God desires devoted relationships, but He also desires healthy relationships. Care deeply about the soul and heart and life and future of others. Help to protect them from the enemy. Work to make them to be aware of satan's devices. But make sure that in no way, shape, or form you control them and tell them what to do. Even if you succeed in protecting them from some initial harm, you cannot hold their hand forever. They must have their own relationship with God—and a devoted relationship with you, too. This is not an either-or situation. You can have both. But you will not have a real relationship with another person, with love and trust and forgiveness and joy and adventure, as long as the relationship is based on pushing buttons of "Do this; don't do that. I'll give you a principle for this and a principle for that. Remember all these principles and you'll be a good little Christian."

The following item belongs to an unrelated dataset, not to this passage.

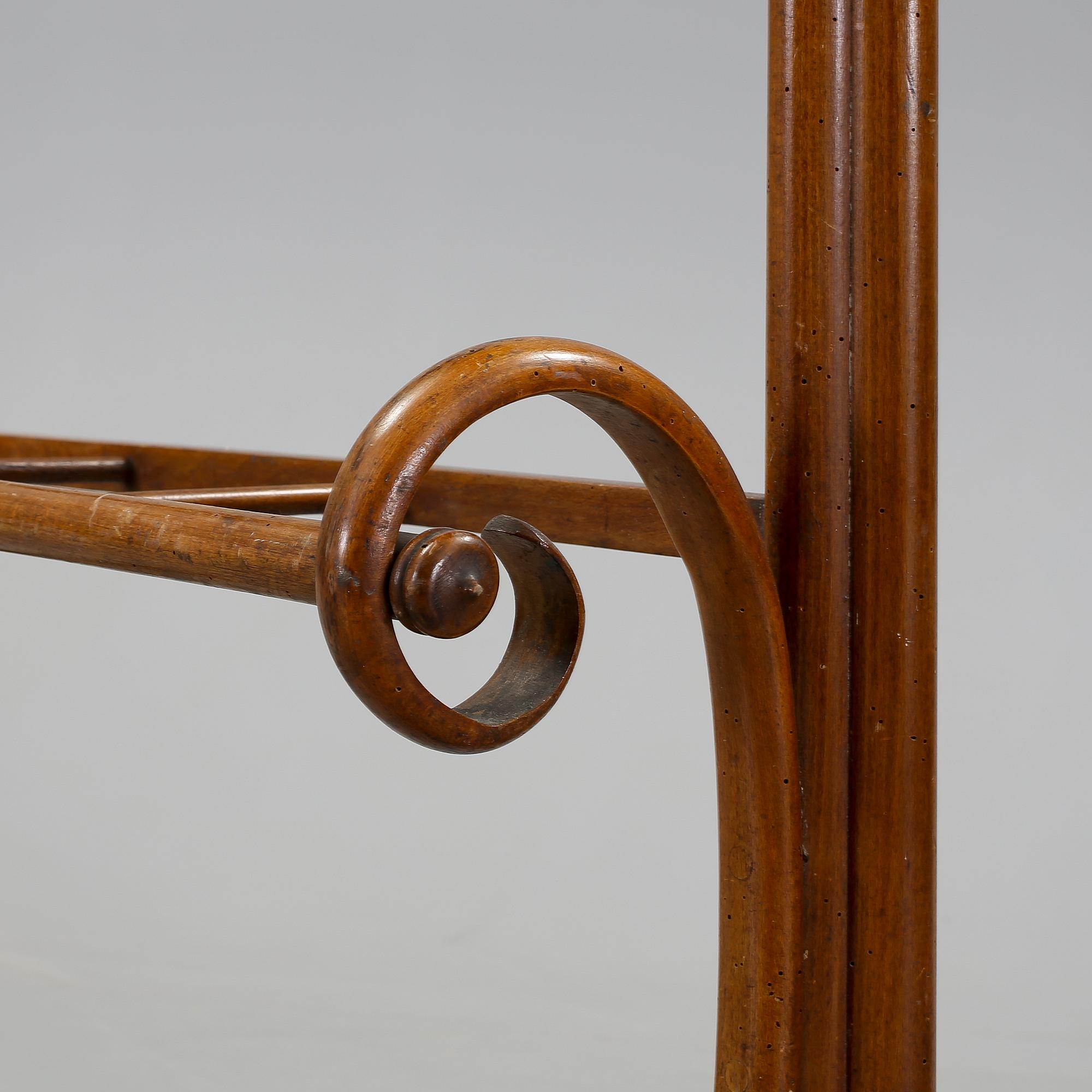 KLÄDHÄNGARE/HALLMÖBEL, Thonet, 1900-talets början.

Principles are important. The Word of God was written for our learning so that we could believe and therefore have Life to the full. It's imperative that the seed of God—His eternal immutable Word—be written in our hearts. We're supposed to help each other know and plant that seed. We're even supposed to admonish one another daily with the Word of God so that none are hardened and deceived by sin. But don't confuse admonishing with telling people what to do. That is not a healthy, devoted relationship. That's an unhealthy, immature, devoted relationship.

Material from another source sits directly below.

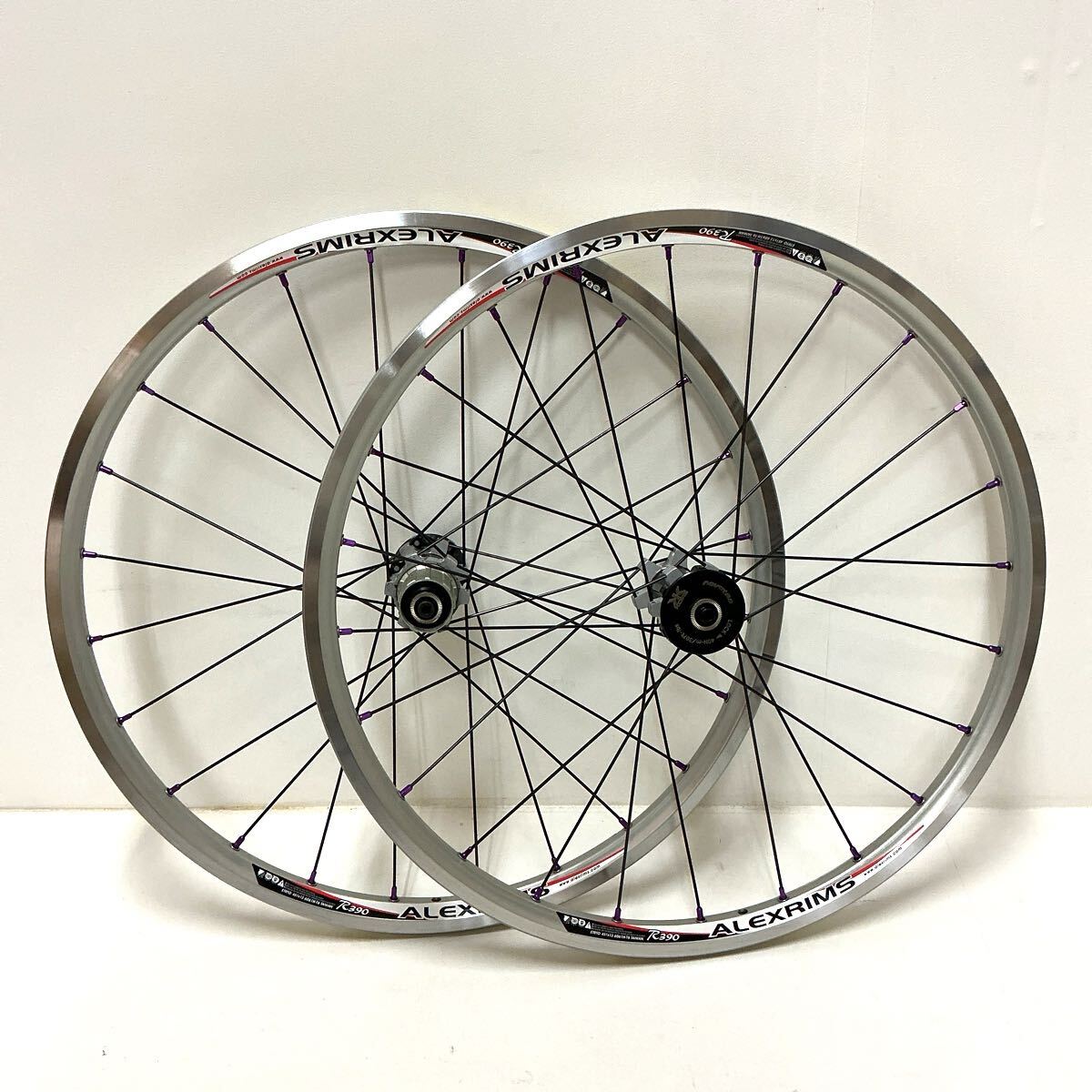 20インチ 451 100/135mmディスク シマノ10速 カーボンハブ ALEXRIMS R390リム DTスポーク 組み立て済みホイール拍卖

Don't shy away from loving each other and caring. Try to throw a body block if you know somebody who's about to go out and hurt themselves spiritually. But make sure that after you've stood them up straight, reasoned with them from the Word of God, and shown them the heart of Jesus, that you get out of the way and let them make their own decision about whether what you are saying is really the Word of God. Let them ask themselves, "Is this really what God's saying? Am I really willing to go forward? Should I reconsider? Should I fast about it first?" Allow them to face God Himself and to make those choices after you've tried to help.

The Word of God is useful for teaching and correcting and rebuking and training in righteousness so that the man of God might be fully equipped. So use the Word in all of those ways. But in the end, let others face God and decide. Make them face God and decide. Don't let them lean on you to the point where they don't have to face Him.

Healthy, devoted relationships—they will prepare and equip you to deal with the pressures, the pain, the agony, the failures, the temptations on "level one," as well as with the total assault of the enemy as he pours out his wrath on "level two." We're going to need those relationships. But they will have to be not just devoted relationships, but healthy, devoted relationships if we are to outwit and totally humiliate satan.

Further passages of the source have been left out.